I have to say I enjoy the Spanish words for “Good Evening” more than any other language. For some reason, those words feel so sublime and exude a sort of warmth.. A simmering or smoldering feeling… like the best summer nights we are all waiting for…doesn’t that very thought make you smile…
Let’s talk about rest.
Say it out loud a few times. Because reading a word and saying it feels differently.
It sounds like a reclining word, doesn’t it? Or like it’s eyes are gently closed with a soothing on it’s face.
Relaxing, restoring, rejuvenating. Resting.
I tend to think of rest requiring some kind of lesser noisiness as well. We don’t want to disturb it now, do we?
I think it needs a kind of internal stillness. Except for your ever beating heart. Have you considered recently how very relentless your heart is?
I could safely say that my modus operandi in this life is “I’ll sleep when I’m dead”.
All GO, Almost All the time. Though I have learned to sleep in the past 5 years.
The phrase “Pace yourself” has always failed my understanding. I can pace myself in the fast lane, but slowing down outside of my sleep hygiene ritual is hard for me to take. I can sit in the silence of my home for an hour or two. I can bask in a sunrise or sunset or the sun shining into my home. I can sit with my cats and dogs and give them their due appreciation. I can savor my food, music, good books, an hour of tv, for a short duration. I can enjoy my garden. I feel I have a solid daily appreciation of the sensual beauty of this life. But I wouldn’t call it rest.
And it has recently come to my attention that I should take a rest sometimes.
I hadn’t taken a day off from working out in so long I can’t remember. Last summer I started working out hard everyday and never stopped…if I was my client, I would have a lecture for that…your body needs to recuperate and recover. It needs rest outside of sleep.
I am honestly terrible at resting. I feel guilty for it and I’m not sure where that is coming from.
Do you allow yourself to rest? OR is this just my problem?
Since I’m all about embracing uncomfortable things, I decided to not work out on this past Friday and yesterday…of course I went back to it today. I also slept in late this weekend and didn’t do as much as I usually do. I’m not sure if that’s actually what “rest” is, but I’m working on it.
Personally, I feel like I have conquered a serious week of too much. Too much at work and too much to take care of in my personal space. Too much for my body. I don’t feel that very often.
But what’s most important is that I have arrived here.
One week older…YOU are in fact one week older now.
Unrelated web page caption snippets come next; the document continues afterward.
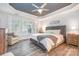 Relaxing main bedroom boasts tray ceilings, hardwood floors, and bright shutters at 11329 Corliss Ave, Charlotte, NC 28277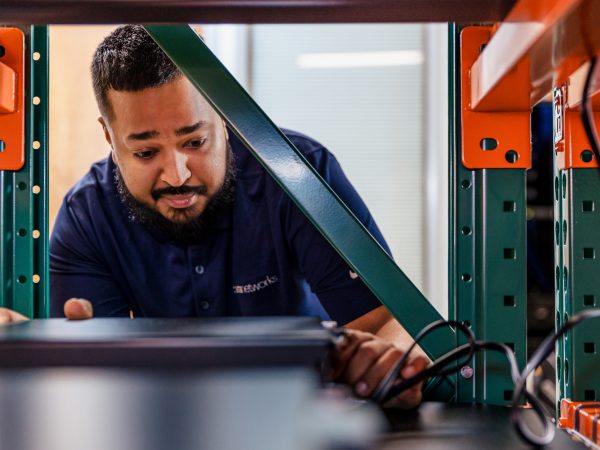 Man plugging in computer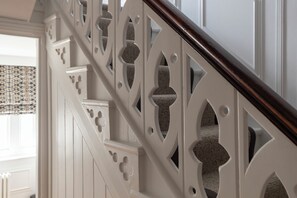 Una escalera con balaustres blancos y una barandilla de madera oscura.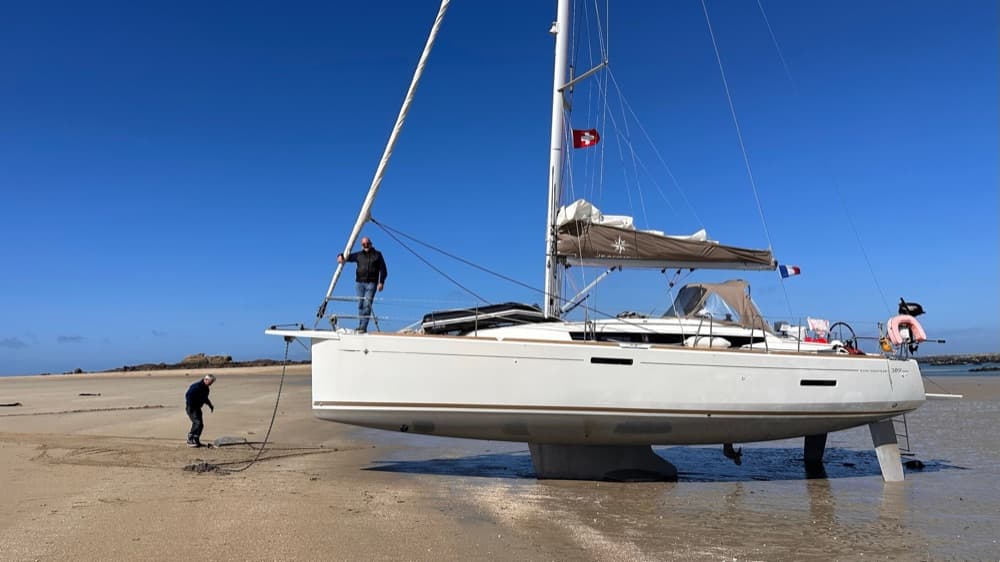 Segelyacht mit Schweizer Flagge bei Ebbe trockengefallen auf einem Sandstrand, Crew an Deck und am Strand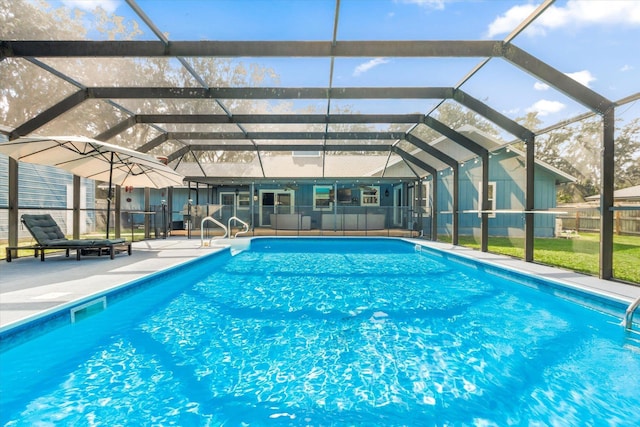 view of pool featuring glass enclosure and a patio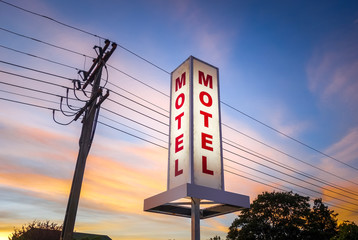 Vintage motel sign at sunset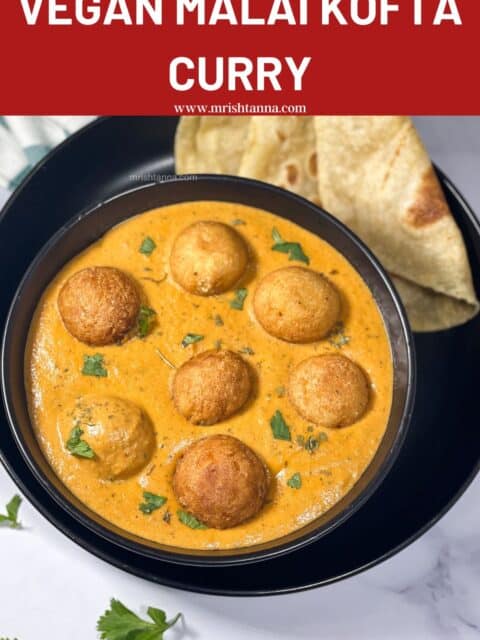 A bowl is full of vegan malai kofta curry.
Do you ever think about it? Getting older that is?
How do you feel about it? And where did you learn how to feel about it?
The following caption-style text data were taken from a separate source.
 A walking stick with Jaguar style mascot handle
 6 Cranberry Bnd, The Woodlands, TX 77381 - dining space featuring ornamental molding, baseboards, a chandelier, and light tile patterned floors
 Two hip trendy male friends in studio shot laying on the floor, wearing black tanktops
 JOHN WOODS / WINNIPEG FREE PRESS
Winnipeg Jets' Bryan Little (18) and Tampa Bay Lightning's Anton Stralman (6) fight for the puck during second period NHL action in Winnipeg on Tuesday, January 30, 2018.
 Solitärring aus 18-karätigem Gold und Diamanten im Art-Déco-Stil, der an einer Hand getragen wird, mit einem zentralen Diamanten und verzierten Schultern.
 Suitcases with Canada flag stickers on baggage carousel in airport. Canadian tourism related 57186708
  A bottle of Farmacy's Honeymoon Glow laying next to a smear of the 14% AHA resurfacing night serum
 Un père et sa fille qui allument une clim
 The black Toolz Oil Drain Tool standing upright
Are you allowing others to determine how you fell about that?
When I was teaching hot power yoga, I had a couple of women in class tell me that when I reached my 40s I was going to spontaneously begin to love wine AND gain weight. I was in my mid-30s at the time and I thought what a horrible thing to say to a younger woman. What kind of sisterhood is this? And maybe their experience wasn’t going to be mine, so WTF??
Safe to say, 40 came and went and yea, not only did I never acquire a taste for wildly consuming wine, I have not had any change in body composition. In fact, I’m on the flip side of my mid-40s, and yea, still going strong. I actually got fitter last year, because I started doing more weight training.
And that’s not meant as a brag, but rather a message to all the women out there who are younger than me, age isn’t something to give up to, but rather a realization that it’s same same. We all have been aging since our first breath in this world. It’s just that we have all these mile markers in youth that make it a celebration of accomplishments and then in your late 20s, that tends to die down.
The question is WHY?
Why do we want to spend the rest of our lives, which by the way is equal at least to the length of time that you have already been here, being miserable about something we cannot control?
Since I have been in my current professional occupation, I have had the privilege of learning where the boundary of “OLD” really lies and let me tell you, it’s a helluva long ways a way from 30, 40, 50, 60, 70s even.
There is something that happens to us around 85 where it appears our bodies make some kind of invisible choice to either continue to thrive or start shutting it down. I could speculate as to why, but there appear to be way too many variables to point the finger at a particular guilty party. I feel 85 is a good age where you may refer to yourself as old. If you feel the need…
What I can say with some certainty is this: AGE IS THE ACCUMAULTION OF YOUR LIFE CHOICES. NOT A NUMBER.
Read that 5 times.
The choices you make have repercussions both positive and negative.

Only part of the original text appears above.